Politics and Government: Resources
Please note when the library recently updated our online catalogs, the links in our subject guides broke. We are working actively to fix this problem. In the meantime, you can search for materials referenced by consulting the library catalog and our catalog of archives and manuscript materials.
Many of Bowdoin’s alumni have entered government service and the political arena, and, in acquiring their personal papers, Special Collections & Archives has amassed a significant quantity of research material for the study of American politics and government. These resources date from the late 18th to the early 21st centuries, documenting political engagement in Maine, nationally, and internationally.
This guide details those manuscript collections with substantial political components, as well as several collections of clippings, pamphlets, and other printed materials. The outline is organized by governmental branch, with cross-references where necessary. Collections too general to be so classified, involving the political process rather than an elected office or concerning specific political issues or events, are identified separately.
Principal among the collections listed in this guide are the papers of Senate Majority Leader George Mitchell, Representative Thomas H. Allen, Senator Ralph Owen Brewster, Speaker of the House Thomas Brackett Reed, and Senator William Pitt Fessenden, all distinguished alumni of Bowdoin College.

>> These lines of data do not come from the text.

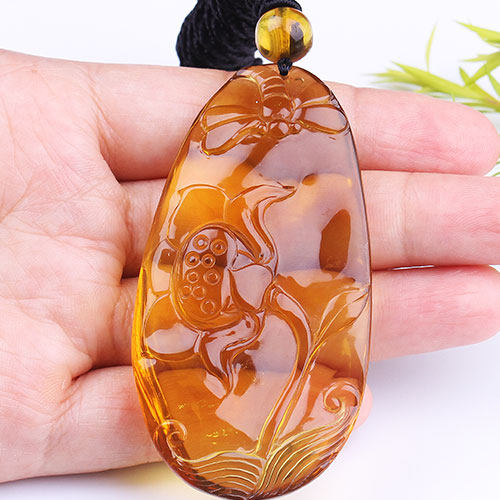 21.7g金蓝珀琥珀蜻蜓立上头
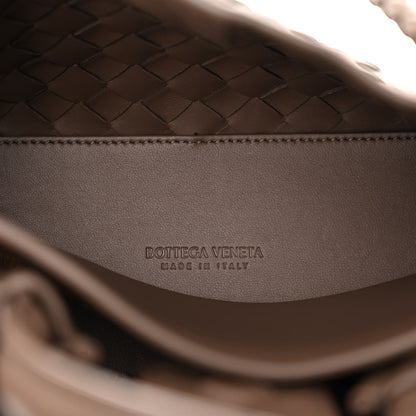 Bottega Veneta Nappa Intrecciato Small Andiamo Shoulder Bag Taupe Grey 5 of 10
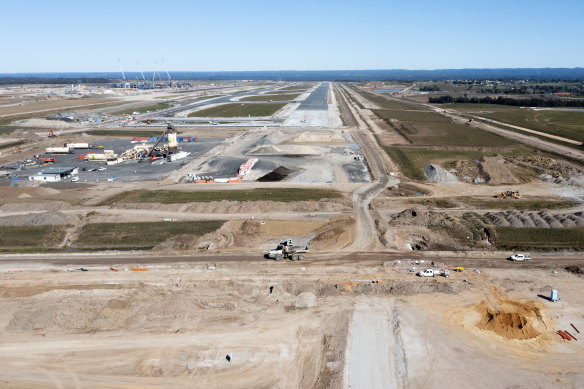 Construction continues on Western Sydney International Airport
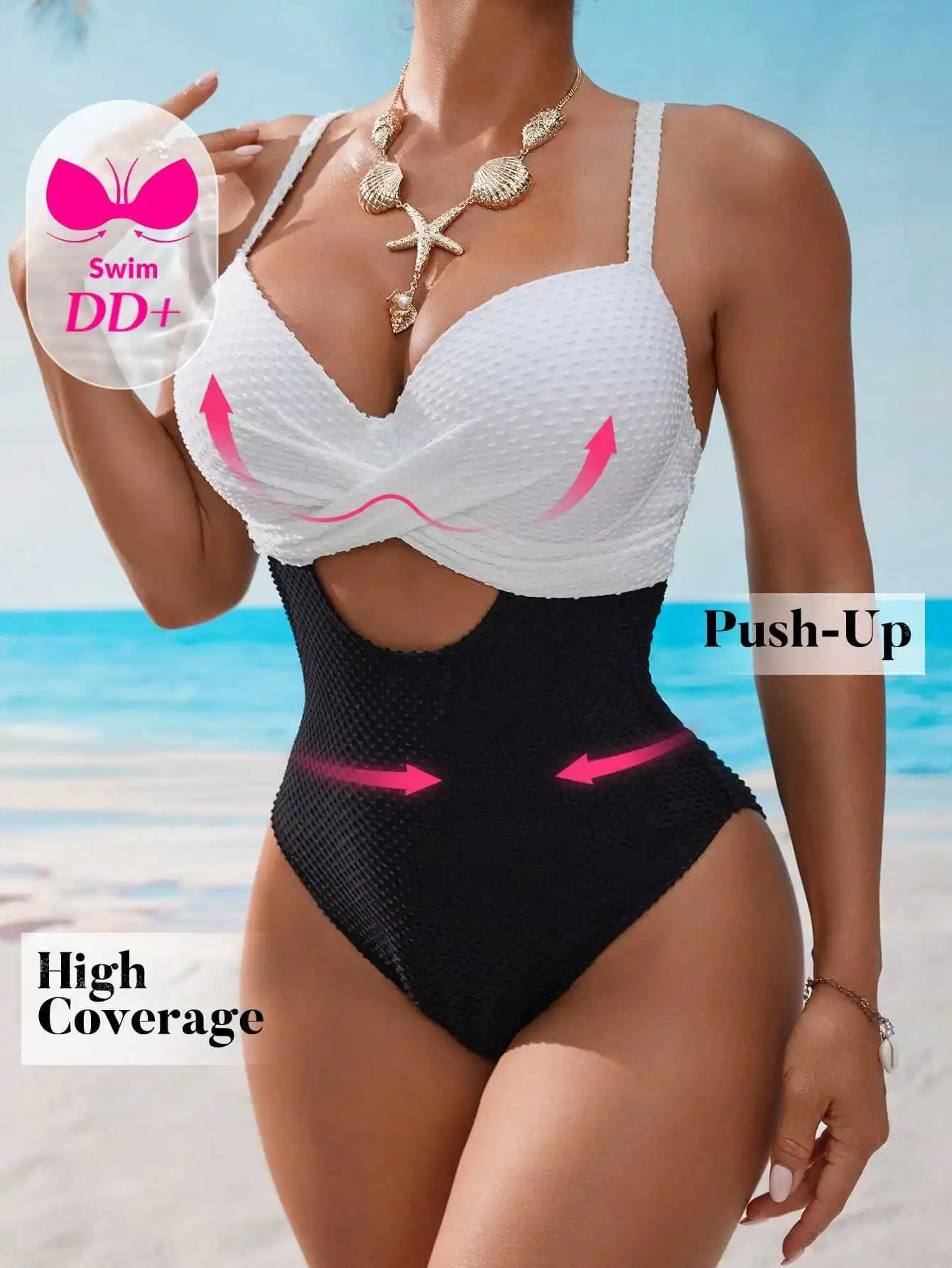 夏休みカットアウトモノキニセクシーカラーブロックワンピース水着ボディコン水着女性用バックレスボディスーツトップス水着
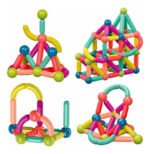 Juego De Bloques Magnéticos 130 Piezas Imantado Construccion 130 - Imagen 5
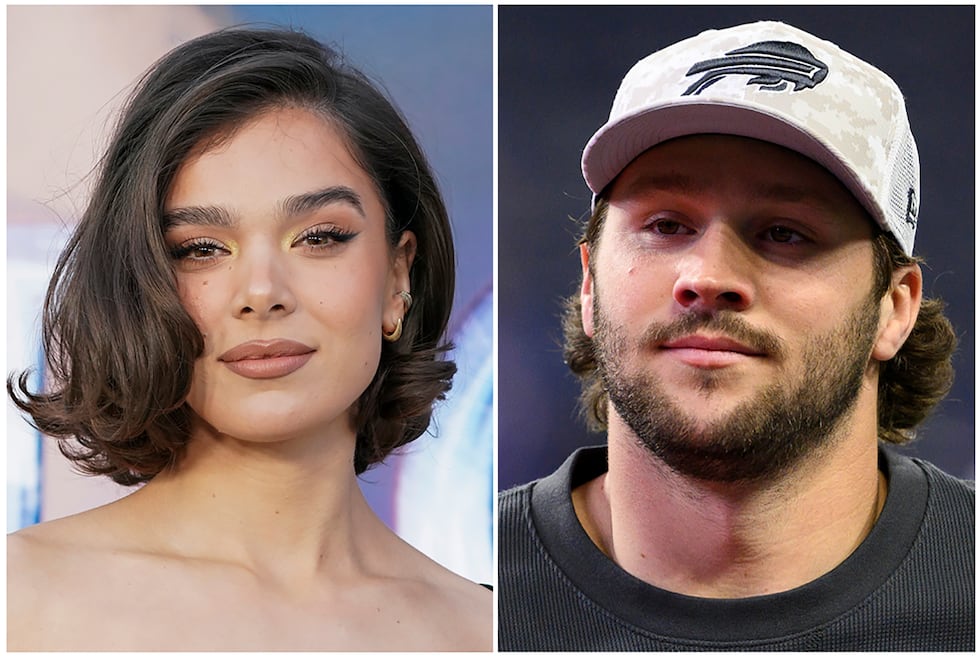 This combination of photos shows Hailee Steinfeld on Oct. 30, 2024, in Los Angeles, and...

Some collections or items, such as the Henry Clay Frick Autograph Albums (one on Lincoln; the other of Presidential autographs) or the Melville Weston Fuller diaries (1879, 1880 and 1882), may involve politicians or government officials but, since they do not contain much political material, they are not included here.
Although a few archives collections are politically related enough to be of general interest, most of those are of a narrow scope (for example those records concerning the debates in the Massachusetts General Court on founding the College, dealing with the land grants received by the College in its early years, or involving issues of interest to past Bowdoin presidents). Because they are so specialized, they are not included here.